Ya, my guess would be the file length is to big. could you chop it into smaller pieces? You can use a free program called Goldwave.


----------



## DaPhault (May 1, 2012)

Ahh good 'ol Goldwave. Haven't used that in many years. Glad to see them still around. I usually use Sound Forge.

Anyway... after playing around with things, I've figured out the problem. I tried a few things, including cutting down the file without re-encoding, tried transcoding to fix any possible header issues, etc. but still was getting "cannot play".

I had an idea and to test it I put a file on my drive I know played before... and again, got the same error; cannot play. The problem was a result of the file(s) being in the root rather than a folder. After creating a folder and dropping in the files, they all played fine.

Stupid limitation, in my opinion.


----------



## 8086 (Aug 4, 2009)

Have you considered using DLNA to stream the file to the reciever?
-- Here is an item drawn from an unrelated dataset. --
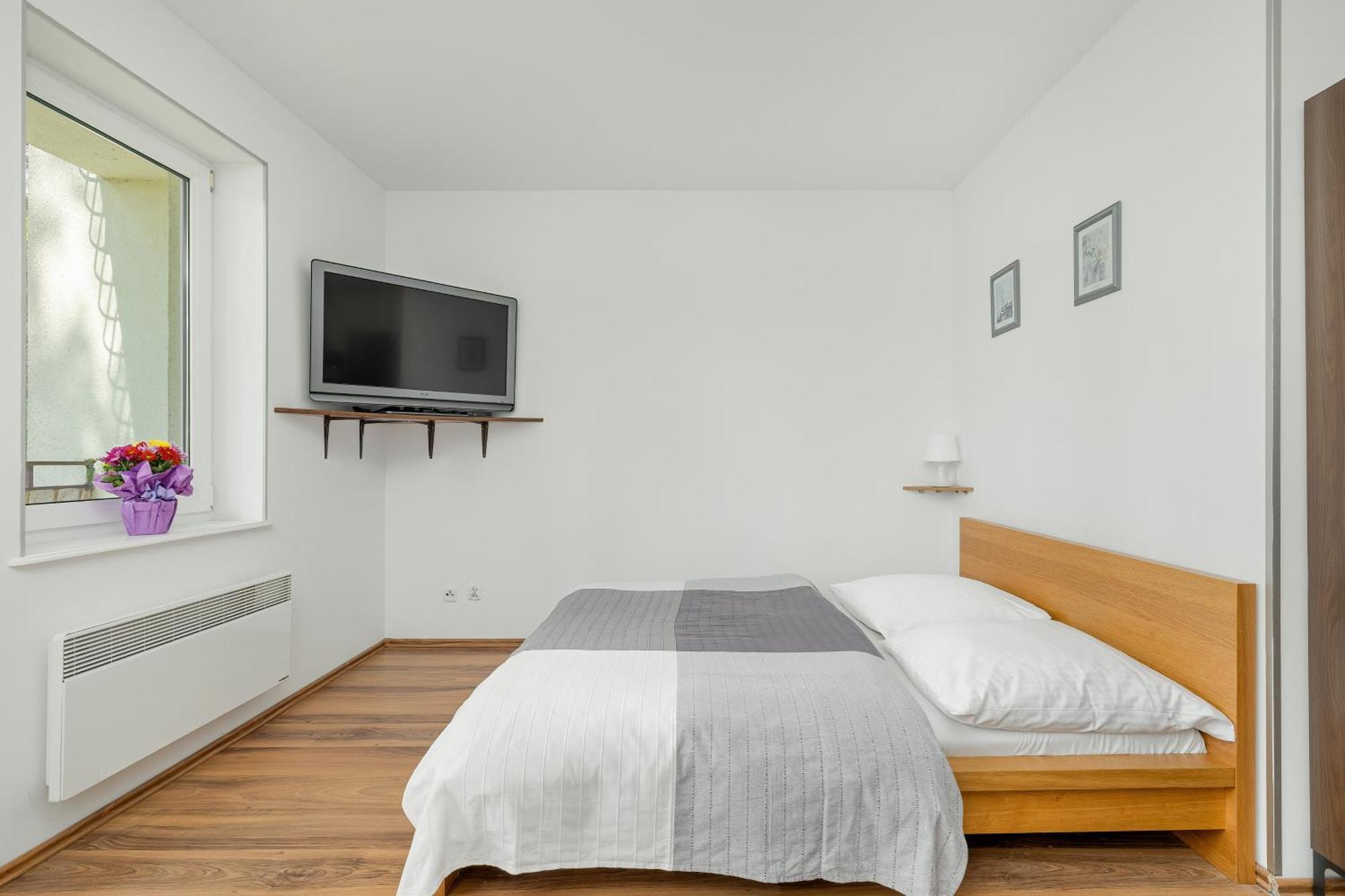 Apartamenty Morskie Oko Seaview By Rent Like Home مينززدرويه المظهر الخارجي الصورة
Perhaps this may bypass any size limitations. I noticed this worked well with my PS3, which had trouble playing certain large files from the hard drive but not over the network.


----------



## lccity (Jul 23, 2015)

I have similar problem with my Onkyo NR809 receiver. It can play back most mp3 files (from an USB drive) with some exceptions. These files are not big. Here is the info on one of the files:

General File
Les Miserables[04]-At the End of the Day.mp3
Size 4329 KB (4 MB)
Length 00:04:37
Demuxer audio 

Initial Audio Stream
Format 85
Bitrate 128 kbps
Rate 44100 Hz
Channels 2
Selected codec mpg123

The files are OK as I can play them from the computer.

Any suggestions would be appreciated.

LC


----------